As a big fan of the functional approach to programming, many times I have
struggled to find an elegant solution to complex Shiny apps where data
manipulation from multiple sources is necessary. Today, while trying some
stuff, I found a little way of organizing Shiny Modules in such a way that
a pipeline of complex manipulations can be built.

This is my first attemp at this. I am not sure what the limitations or possible
best practices for such a way of writing Shiny Apps could be, but here is what
I have come up with. I would love to hear back from the community with opinions
or possibly contributions.

## The approach

When dealing with modules, purpose is really important. For this to work, a
module must return only a reactive that is update only by inputs and reactives
inside the module's server logic. It is best for the module to do one thing and
thing only so that its output can be piped into the next module.

```R
# This is in the server.R
global_data <- initial_data() %>>%
apply_filter(id = "phase1") %>>%
apply_filter(id = "phase2") %>>%
apply_filter(id = "phase3")
```

In the example above, we have a reactive called `initial_data`. This could be a
reactive that listens to user input and fetches some data from a database or
what ever, lets pretend this is a dataframe of lazy loaded tibble. We pass this
reactive to module server function named `apply_filter`. Let's asume this module
returns a subset of the data passed on to it. We repeat this 2 more times and
assign this new reactive to `global_data`.
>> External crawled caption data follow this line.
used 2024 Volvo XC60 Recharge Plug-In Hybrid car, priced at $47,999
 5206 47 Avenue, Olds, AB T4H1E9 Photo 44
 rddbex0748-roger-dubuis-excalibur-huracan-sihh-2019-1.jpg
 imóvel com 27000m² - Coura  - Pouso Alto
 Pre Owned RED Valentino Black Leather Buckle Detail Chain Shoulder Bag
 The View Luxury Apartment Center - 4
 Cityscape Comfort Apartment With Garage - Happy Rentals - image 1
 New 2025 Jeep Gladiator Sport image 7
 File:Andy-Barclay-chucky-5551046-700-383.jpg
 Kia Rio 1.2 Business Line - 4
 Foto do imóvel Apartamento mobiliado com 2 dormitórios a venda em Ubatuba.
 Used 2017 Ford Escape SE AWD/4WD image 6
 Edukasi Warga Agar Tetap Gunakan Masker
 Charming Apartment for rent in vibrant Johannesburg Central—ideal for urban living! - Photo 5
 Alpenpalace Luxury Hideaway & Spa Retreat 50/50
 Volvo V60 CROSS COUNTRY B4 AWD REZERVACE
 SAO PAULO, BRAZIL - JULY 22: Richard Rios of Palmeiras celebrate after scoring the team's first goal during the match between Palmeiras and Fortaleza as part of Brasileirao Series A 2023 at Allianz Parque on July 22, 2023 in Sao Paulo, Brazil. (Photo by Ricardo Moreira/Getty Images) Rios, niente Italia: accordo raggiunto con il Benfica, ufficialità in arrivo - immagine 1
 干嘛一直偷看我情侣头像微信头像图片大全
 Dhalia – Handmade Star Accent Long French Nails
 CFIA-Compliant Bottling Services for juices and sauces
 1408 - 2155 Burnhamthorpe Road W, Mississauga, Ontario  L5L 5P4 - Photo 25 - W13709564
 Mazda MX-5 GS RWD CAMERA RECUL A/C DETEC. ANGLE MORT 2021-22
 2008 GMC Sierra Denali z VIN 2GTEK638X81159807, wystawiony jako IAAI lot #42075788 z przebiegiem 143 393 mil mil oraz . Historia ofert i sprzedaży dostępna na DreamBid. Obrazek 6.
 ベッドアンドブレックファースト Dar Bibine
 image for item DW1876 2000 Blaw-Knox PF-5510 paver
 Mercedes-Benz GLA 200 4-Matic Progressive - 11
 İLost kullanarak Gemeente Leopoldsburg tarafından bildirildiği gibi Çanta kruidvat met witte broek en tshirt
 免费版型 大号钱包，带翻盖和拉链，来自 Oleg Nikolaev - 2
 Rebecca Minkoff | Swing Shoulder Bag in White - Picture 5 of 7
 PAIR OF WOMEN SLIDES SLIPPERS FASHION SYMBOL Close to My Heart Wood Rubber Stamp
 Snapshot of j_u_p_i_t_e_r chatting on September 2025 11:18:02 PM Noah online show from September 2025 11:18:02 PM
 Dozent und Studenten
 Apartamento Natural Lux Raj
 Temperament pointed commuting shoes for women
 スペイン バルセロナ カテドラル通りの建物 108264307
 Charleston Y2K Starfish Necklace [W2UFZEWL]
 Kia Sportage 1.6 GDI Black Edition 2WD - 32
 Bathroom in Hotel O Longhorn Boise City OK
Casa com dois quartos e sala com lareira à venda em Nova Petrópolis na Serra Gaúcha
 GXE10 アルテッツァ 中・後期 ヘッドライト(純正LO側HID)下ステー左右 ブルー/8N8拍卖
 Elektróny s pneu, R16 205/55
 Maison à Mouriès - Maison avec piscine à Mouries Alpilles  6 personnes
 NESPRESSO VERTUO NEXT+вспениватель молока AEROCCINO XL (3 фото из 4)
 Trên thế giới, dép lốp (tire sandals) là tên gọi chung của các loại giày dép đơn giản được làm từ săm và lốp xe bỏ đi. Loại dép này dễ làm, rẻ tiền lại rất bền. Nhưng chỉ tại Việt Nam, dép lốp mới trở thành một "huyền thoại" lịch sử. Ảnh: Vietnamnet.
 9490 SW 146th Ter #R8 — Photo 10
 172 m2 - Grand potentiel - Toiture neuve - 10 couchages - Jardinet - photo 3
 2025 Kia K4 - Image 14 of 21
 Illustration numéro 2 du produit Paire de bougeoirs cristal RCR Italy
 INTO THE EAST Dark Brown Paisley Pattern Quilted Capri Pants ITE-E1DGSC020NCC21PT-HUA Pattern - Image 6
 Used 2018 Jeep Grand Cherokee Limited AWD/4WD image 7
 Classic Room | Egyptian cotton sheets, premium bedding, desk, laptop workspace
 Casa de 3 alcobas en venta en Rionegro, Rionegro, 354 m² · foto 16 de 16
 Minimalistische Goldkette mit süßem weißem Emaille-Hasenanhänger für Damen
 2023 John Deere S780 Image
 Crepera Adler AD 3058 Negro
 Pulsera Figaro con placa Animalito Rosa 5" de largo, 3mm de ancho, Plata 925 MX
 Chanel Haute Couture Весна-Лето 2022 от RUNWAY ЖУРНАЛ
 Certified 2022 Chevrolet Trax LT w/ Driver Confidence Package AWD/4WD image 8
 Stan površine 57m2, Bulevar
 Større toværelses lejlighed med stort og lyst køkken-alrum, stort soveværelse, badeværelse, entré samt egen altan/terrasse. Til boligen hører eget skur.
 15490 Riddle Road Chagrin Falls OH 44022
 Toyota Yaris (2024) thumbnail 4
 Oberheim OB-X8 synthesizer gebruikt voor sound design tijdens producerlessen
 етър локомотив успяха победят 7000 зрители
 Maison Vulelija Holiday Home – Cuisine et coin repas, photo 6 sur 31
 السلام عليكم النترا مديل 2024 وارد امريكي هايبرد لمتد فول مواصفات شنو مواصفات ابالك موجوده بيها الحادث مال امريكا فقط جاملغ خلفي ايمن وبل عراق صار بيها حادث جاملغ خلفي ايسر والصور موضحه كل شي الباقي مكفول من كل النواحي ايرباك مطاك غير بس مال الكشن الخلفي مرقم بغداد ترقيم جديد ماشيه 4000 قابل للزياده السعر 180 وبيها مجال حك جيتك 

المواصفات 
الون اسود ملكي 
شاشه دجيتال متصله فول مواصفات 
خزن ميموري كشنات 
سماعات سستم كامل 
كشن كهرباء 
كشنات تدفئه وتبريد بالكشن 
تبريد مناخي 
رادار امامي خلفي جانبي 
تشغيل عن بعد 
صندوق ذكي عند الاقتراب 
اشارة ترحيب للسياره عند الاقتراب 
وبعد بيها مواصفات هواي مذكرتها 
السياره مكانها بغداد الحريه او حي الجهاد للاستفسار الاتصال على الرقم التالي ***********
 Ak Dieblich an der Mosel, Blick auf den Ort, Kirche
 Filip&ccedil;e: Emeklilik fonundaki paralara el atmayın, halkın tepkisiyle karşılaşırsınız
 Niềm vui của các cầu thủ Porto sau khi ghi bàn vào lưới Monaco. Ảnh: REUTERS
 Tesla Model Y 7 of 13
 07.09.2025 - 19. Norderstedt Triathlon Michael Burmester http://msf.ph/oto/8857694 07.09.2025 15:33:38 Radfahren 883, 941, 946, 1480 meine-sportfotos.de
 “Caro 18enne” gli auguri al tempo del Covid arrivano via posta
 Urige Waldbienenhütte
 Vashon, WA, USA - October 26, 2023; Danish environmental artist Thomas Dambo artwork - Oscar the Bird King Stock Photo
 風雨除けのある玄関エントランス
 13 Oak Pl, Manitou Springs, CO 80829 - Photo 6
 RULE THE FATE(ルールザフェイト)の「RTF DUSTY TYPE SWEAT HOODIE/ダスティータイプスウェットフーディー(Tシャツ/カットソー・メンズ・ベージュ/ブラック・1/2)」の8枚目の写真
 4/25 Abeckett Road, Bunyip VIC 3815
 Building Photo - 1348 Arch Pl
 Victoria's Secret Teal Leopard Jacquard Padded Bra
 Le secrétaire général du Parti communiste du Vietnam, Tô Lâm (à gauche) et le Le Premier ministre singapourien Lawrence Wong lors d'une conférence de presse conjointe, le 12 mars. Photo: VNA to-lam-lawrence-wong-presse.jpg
This simplifies the process of interacting between modules. Furthermore, you can
control the flow of data really easily by adding the `bindEvent` function
between the pipes.

```R
# This is in the server.R
global_data <- initial_data() %>>%
apply_filter(id = "phase1") %>>%
apply_filter(id = "phase2") %>>%
bindEvent(input$apply_filters) %>>%
apply_filter(id = "phase3") %>>%
bindEvent(input$apply_final_filter)
```

By adding `bindEvent` in between the piping, we can control what the user does.
If we want the user to first apply the phase1 and phase2 filters and then the
phase3 filter, we can easily control that in a very concise manner.

I included the code to a very basic app showing off this approach of writing
Shiny code. I would love to hear back from the community, thank you. This
currently only works with the pipe provided by the **pipeR** package due to
how things are evualuated with the magrittr and base pipes.